Ce numéro de notre Lettre marque une étape importante dans la vie de notre association car ce sera sans doute le dernier sous la forme imprimée que nous produisons depuis plus de vingt ans.

Il y a juste deux ans, en effet, était ouvert le site internet du CIDIF qui reçoit quotidiennement les informations concernant l’actualité indienne ou les relations entre l’Inde et la France ou l’Europe. Ce site enregistre, au plus près du moment de leur apparition, les articles que l’édition sur papier ne reprend qu’avec retard. Un certain nombre d’entre vous n’utilise pas ou pas encore l’internet. Nous voudrions les inciter à “franchir le pas“ pour maintenir un lien que nous avons tissé au cours de toutes ces années. Quoi qu’il en soit, ce changement de technique va conduire à modifier les conditions d’adhésion à notre association et notre conseil d’administration présentera des propositions dans ce sens à notre prochaine assemblée générale.

Ce numéro est donc une occasion pour faire le point sur  nos activités et sur leur évolution depuis le mois de juin 1989.

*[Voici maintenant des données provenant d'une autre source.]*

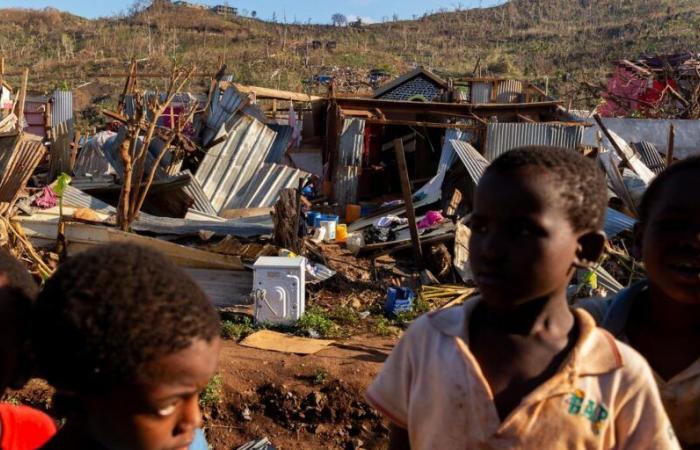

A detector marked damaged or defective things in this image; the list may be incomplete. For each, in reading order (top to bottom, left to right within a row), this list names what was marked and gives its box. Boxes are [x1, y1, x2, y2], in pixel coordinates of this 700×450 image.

rusted metal roofing panel [52, 90, 74, 126]
rusted metal roofing panel [470, 82, 492, 103]
rusted metal roofing panel [494, 80, 524, 103]
rusted metal roofing panel [0, 133, 45, 214]
rusted metal roofing panel [194, 113, 278, 214]
rusted metal roofing panel [230, 163, 308, 209]
rusted metal roofing panel [452, 140, 490, 184]
rusted metal roofing panel [484, 122, 584, 161]
rusted metal roofing panel [632, 142, 664, 175]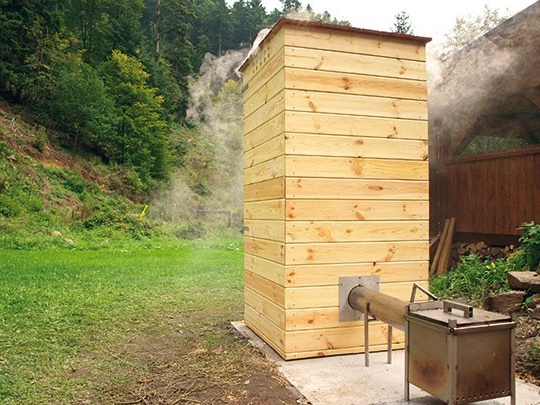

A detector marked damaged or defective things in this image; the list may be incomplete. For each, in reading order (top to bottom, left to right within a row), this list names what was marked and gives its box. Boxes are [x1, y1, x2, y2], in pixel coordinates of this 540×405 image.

rusty metal box [404, 302, 516, 402]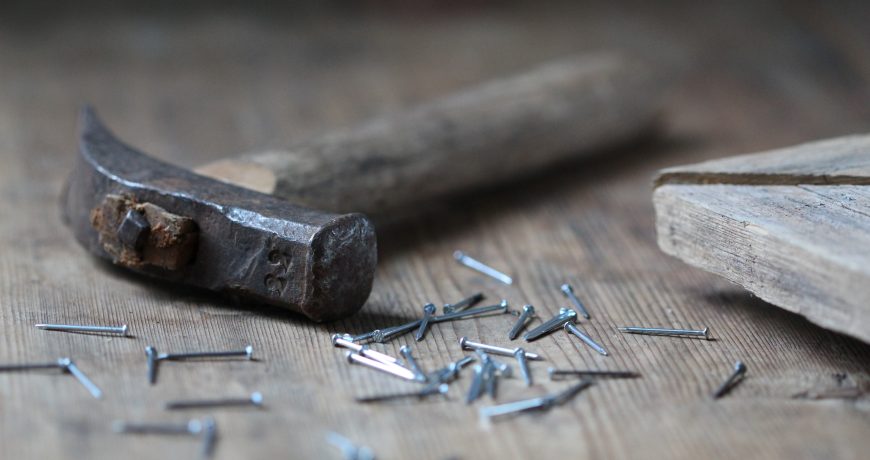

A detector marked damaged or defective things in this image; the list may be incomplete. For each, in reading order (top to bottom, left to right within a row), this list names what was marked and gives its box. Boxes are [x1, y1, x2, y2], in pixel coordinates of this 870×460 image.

rusty metal hammer head [60, 108, 374, 324]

L’idée de départ était de recueillir la mémoire des relations entre la France et les Indes, puis l’Inde, depuis plus de trois siècles, cette histoire mal connue souvent même de ceux de nos compatriotes originaires des anciens comptoirs et qui vivent dans l’Hexagone tout en gardant des liens familiaux et sentimentaux avec cette terre de moins en moins lointaine grâce aux moyens modernes de communication et de transport. Dans ce domaine, la Lettre du CIDIF a, semble-t-il, bien rempli son objectif. Il n’est que de consulter les sommaires des Lettres pour constater l’ampleur de la documentation qui a été réunie sur ces trois derniers siècles. Ce que nous n’avions pas prévu, en revanche, c’est la quantité et la qualité des travaux universitaires que cette période a suscitées et suscite encore chez nos jeunes chercheurs.  Avec l’appui indéfectible de Jacques Weber, la Lettre a su faire une large place à ces travaux.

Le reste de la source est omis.